決済代行会社を比較するとき、決済手数料の数字だけを見て決めると、入金サイクルや端末費用で想定外の差が出ることがあります。この記事では、決済代行の比較で見るべき5つの軸を整理し、主要サービスを同じ項目で横並びにしたうえで、業態別の選び方まで解説します。
決済代行の比較で見るべき5つの軸
| # | 比較軸 | なぜ重要か |
|---|---|---|
| 1 | 決済手数料 | 売上に対して継続的にかかる。0.5%の差でも年間では大きい |
| 2 | 入金サイクル | 資金繰りを直接左右する。締め日と支払日の組み合わせで決まる |
| 3 | 初期費用・端末代・月額 | 導入時と固定費の負担。
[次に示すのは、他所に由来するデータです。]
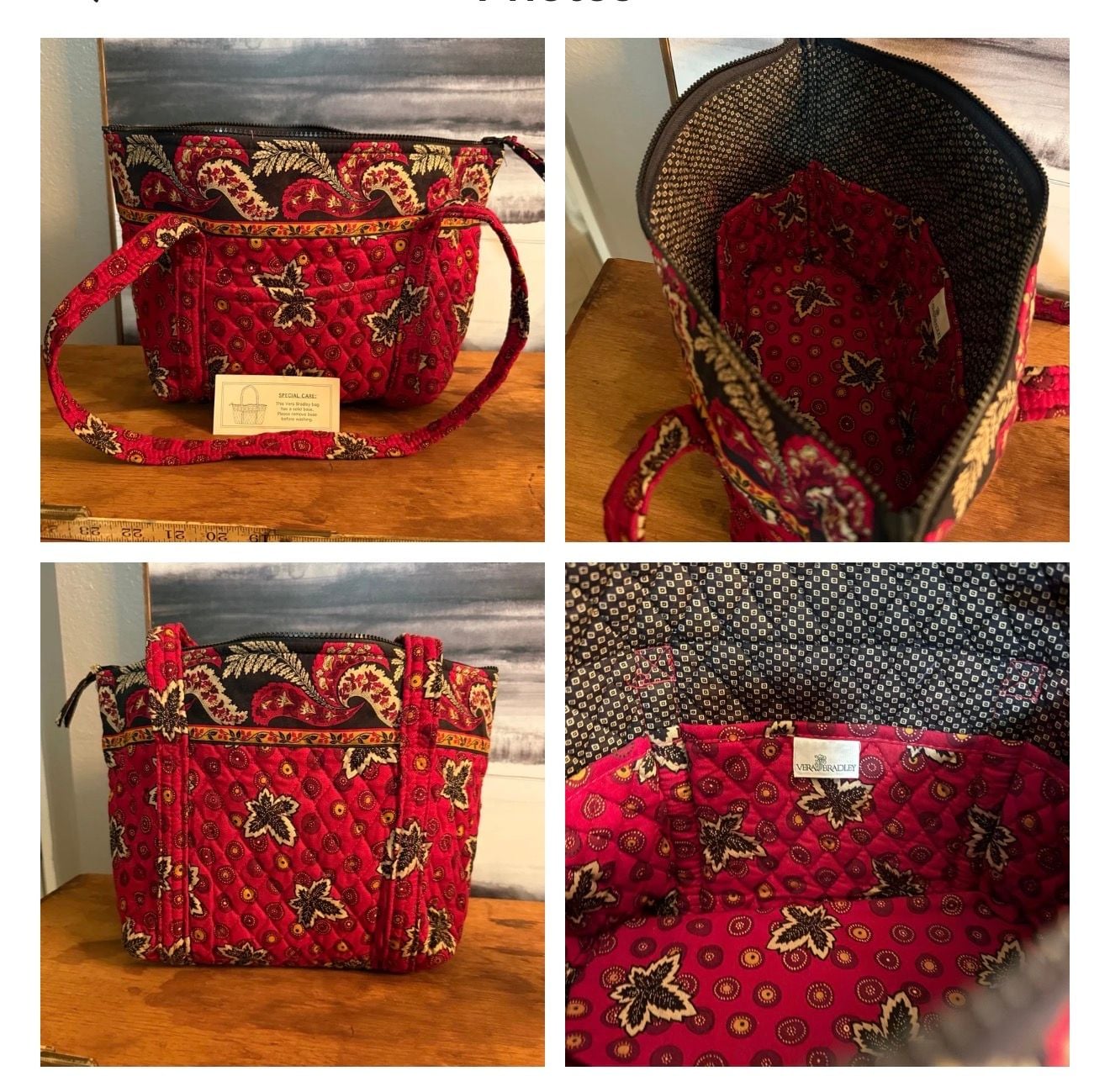 Vera Bradley Red Coin Maple Leaf Villager Shoulder Bag 2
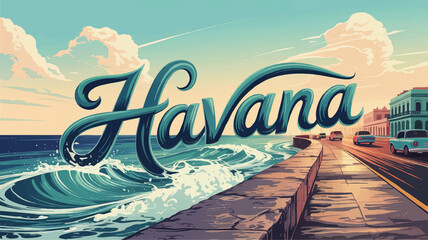 Havana Seaside Boulevard Illustration – Vintage Cars, Ocean Waves & Colorful Skyline at Sunset, Retro Cuban Cityscape Art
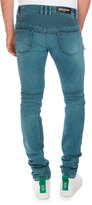 Thumbnail for your product : Balmain Skinny Denim Biker Jeans, Turquoise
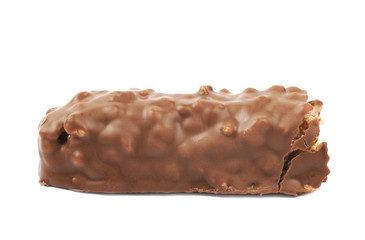 Caramel chocolate bar isolated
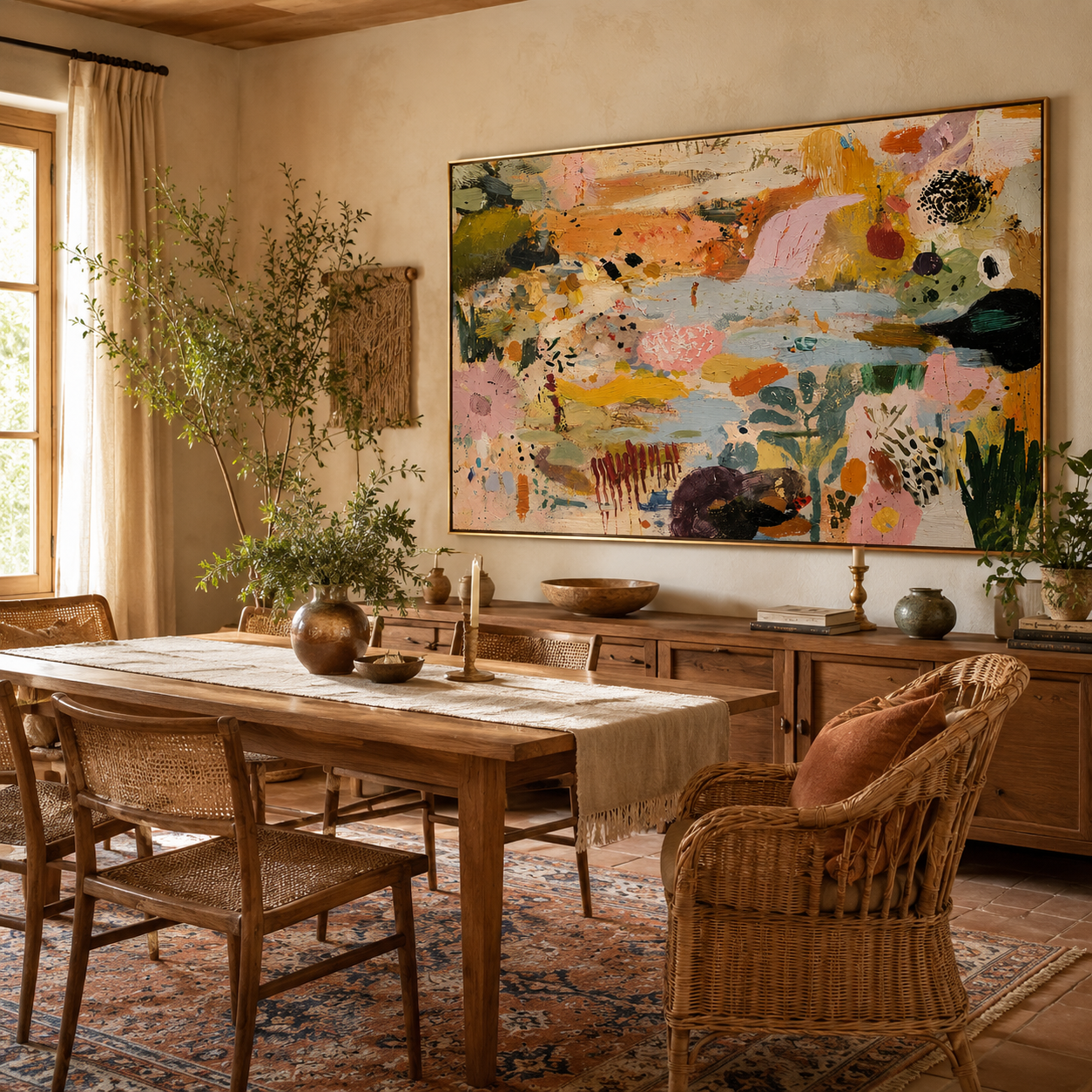 "Pastel Rhapsody" - Colorful Abstract Impasto Landscape | Pink Blue & Ochre Statement Art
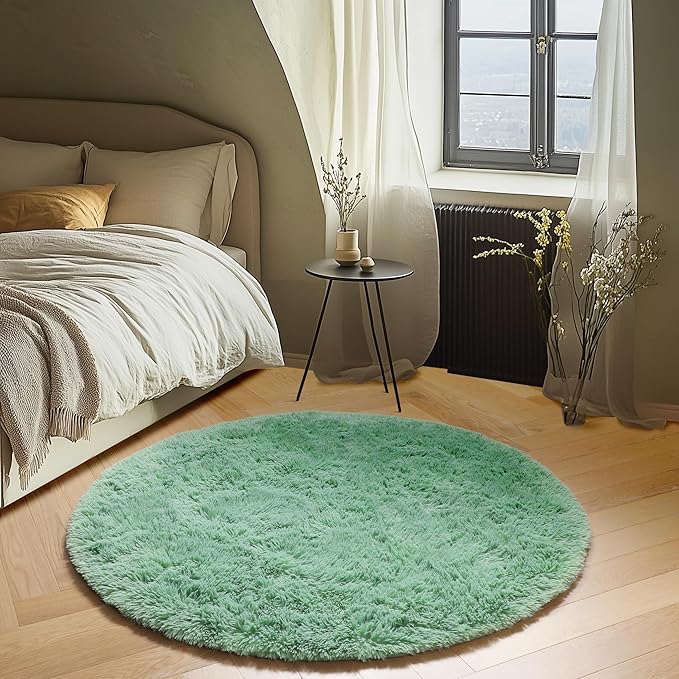 ONASAR Sage Green Round Area Rug 4ft, Fluffy Soft Bedroom Circle Rugs for Kids Girls Boys Teen Dorm Room, Cute Furry Plush Shaggy Carpet for Nursery Living Room Playroom Christmas Home Decor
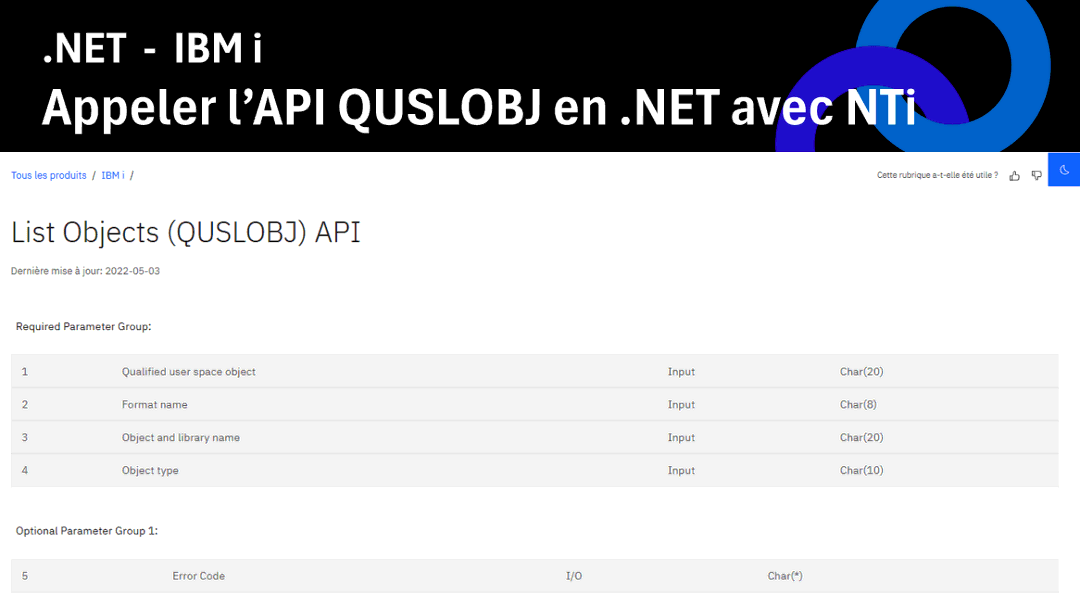 Image principale de l’article « QUSLOBJ IBM i : appel API système en .NET/C# avec NTi »
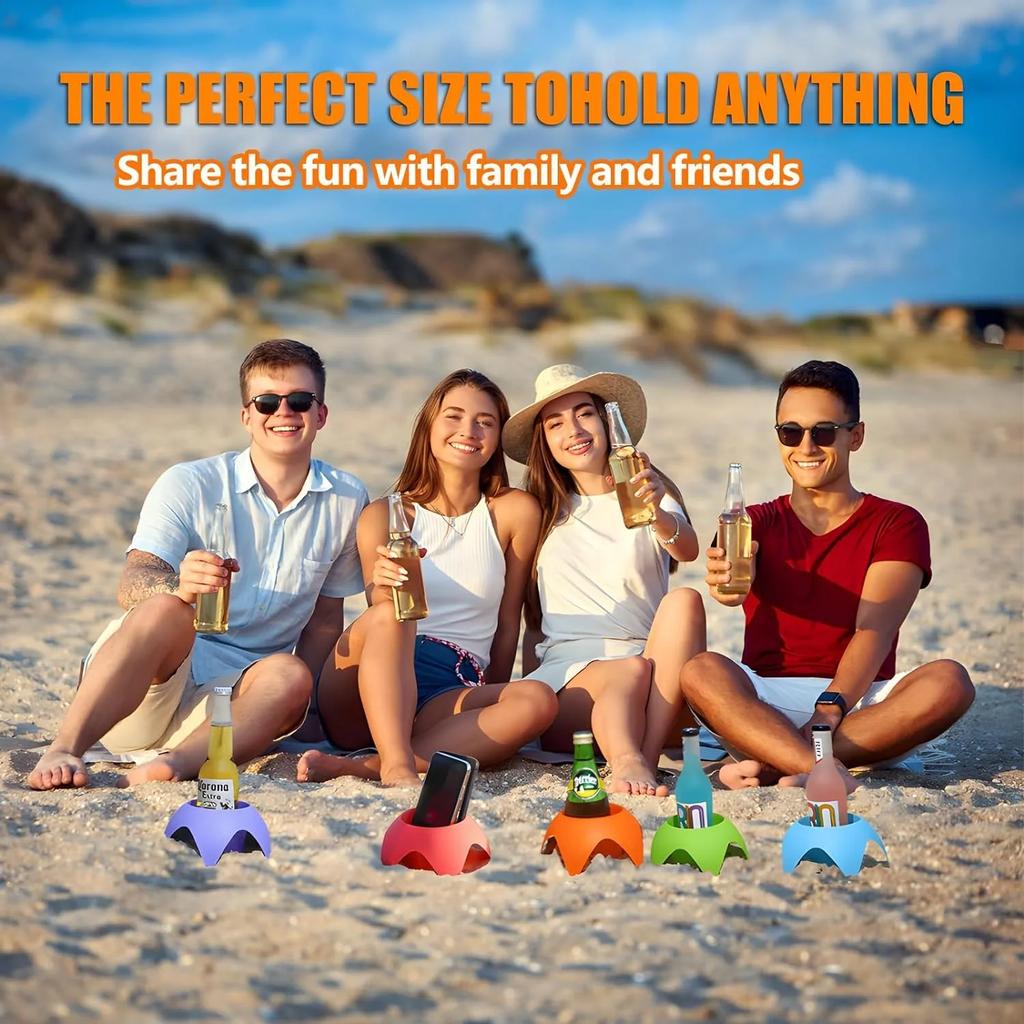 Plaj Tatili Temel Aksesuarları Plaj İçecek Bardak Tutucu Kum Bardak Altlıkları Aile Arkadaşlar İçin Plaj Kum Bardak Tutucuları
0円設定でも条件付きの場合がある |
| 4 | 対応決済の種類 | 取りこぼしの有無。カード・電子マネー・QRの網羅性 |
| 5 | サポート・障害時の対応 | 決済が止まったときの復旧速度。売上に直結する |
1. 決済手数料
クレジットカード決済でおおむね1.98〜3.75%程度の幅で設定されているのが一般的です。ブランドや決済手段ごとに料率が異なる場合があるため、自店の決済構成に当てはめて実質負担を計算しておくと精度が上がります。月商300万円の店舗なら、手数料1%の差は月3万円・年36万円の差になります。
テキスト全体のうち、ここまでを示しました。